The Breakfast Club, even though it was about white upper middle class and wealthy students living near Chicago, like almost all of Hughes' films, resonated - and it was real. Did I believe Molly Ringwald would have brought sushi for her lunch to Saturday detention? Not really, but everything else she said and did that day felt authentic. Ally Sheedy was almost impenetrable most of the movie, appearing to be what she symbolized - that freaky girl at your school who didn't wash her hair, who dressed in dark clothes, probably had sex with boys she didn't even know in the bathroom at school or at a party - but was an actual person hiding beneath layers of eccentricity for protection. Nelson, Estevez and especially Hall were also broad stereotypes on paper - but each emerged in the movie just like the boys we knew at the time who were more than just their letterman jackets or the heavy aroma of pot enveloping them or their straight As and manic descriptions of solved math problems or obscure historic facts. What The Breakfast Club revealed was the possibility of life after high school that dropped into those five students' laps that day. For all of the different perches they were all forced to stand on and be observed from during high school, each of them was able to see the respite beyond.
You can almost imagine those five people seeking each other out at their 30 year reunion all these years later, hoping that life unfolded well for the others, that they became self-assured, were loved, and embraced life. They would be the people who didn't feel compelled to talk about their children's accomplishments or the fashionable part of town they live in today, or the monetary success or relative renown they have enjoyed in life. They would seek out each other's eyes. Just as we were all there in high school, almost afraid to look beyond the superficial in our assessments of others and equally as afraid to step out of our comfort zones and the lanes set forward for us by our teachers, friends, family - so too are we or will we be there 30 years down the road. We know what it feels like to receive a sincere hug, a lingering embrace that signifies we mattered to this person and we still matter today, versus smiling at someone we recognize across a crowded room with openness and seeing the dismissal still remains.
There's a commercial that airs frequently for DirecTV, part of a series of clever commercials that Rob Lowe does for them.

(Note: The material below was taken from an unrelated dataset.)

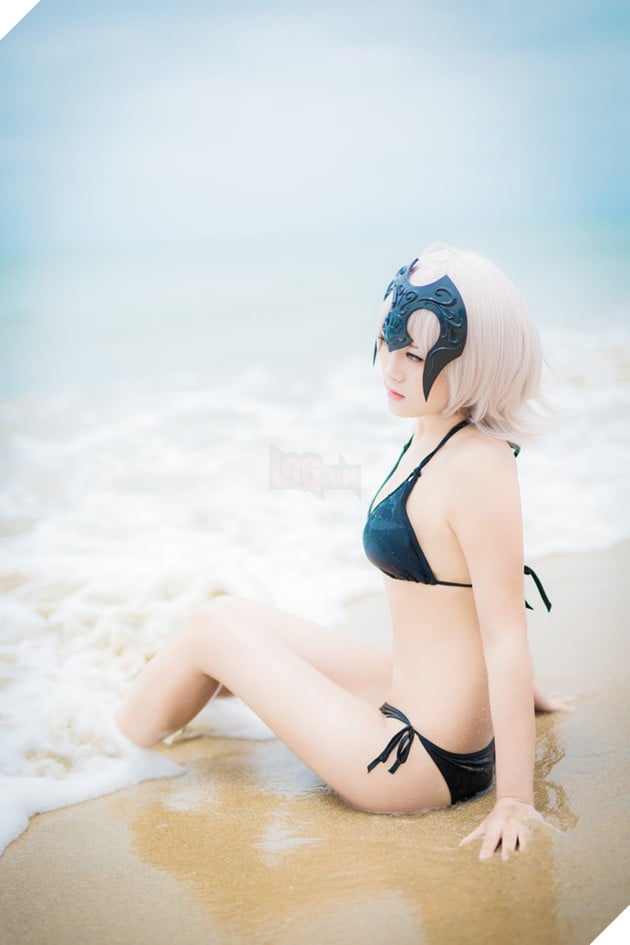 Cosplay nàng Saber trong trang phục áo tắm cực quyến rũ trong ngày hè nóng nực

In it his alter ego is 'peaked in high school' Rob Lowe. A character not unlike Billy ('college was out of control') from St. Elmo's Fire. In contrast to that commercial, which is clear in its ironic way about making good long term choices versus unwise ones, is what I imagine the reunion at that fictional high school from The Breakfast Club would be like. None of those characters peaked in high school. Some of them might have, otherwise, but they opened up when the opportunity arose on that Saturday afternoon. They knew by Monday things would be different, the lanes would be marked again for them, but they couldn't unlearn or unsee what they had experienced together. Maybe none of those five middle-aged adults would even go to their reunion because they certainly wouldn't be concerned with showing others what they had accomplished or with having an evening full of short, superficial conversations. Maybe all of them would though - because they might get a few moments to just exchange a few real words with people they really cared about, maybe even some others they didn't even realize they cared about until they saw them again.
A film is great when it captures truth, just like any art form. The Breakfast Club endures because even though the times change, the truth of where we came from does not. I am a contemporary of the actors in The Breakfast Club and that film doesn't resonate with me because of the familiar music, the clever scenes or the us vs. them construct against 'authority' that first brought the five diverse students together to declare that they would not be pigeon-holed. No, it resonates because it captured some basic truths, some that transcend period, about being on the verge of real life and needing to see that the moment you are in is actually contrived by circumstance and age and the general order of the universe. If you are young now, you won't be forever, and who you are, who your parents are, where you live - won't matter when you measure your life and it won't matter as you are living it. If you are 30 years down the road, you should realize how frequent the thresholds are in life and if you've failed to move onto the next phase or step into new situations or come to new realizations - well, there's still plenty of time left. And, at their core, your friends, your tormenters, those who were merely indifferent to you when they could have been kind and welcoming, are no different than those five kids thrown together to share a brief punishment - all are capable of redemption.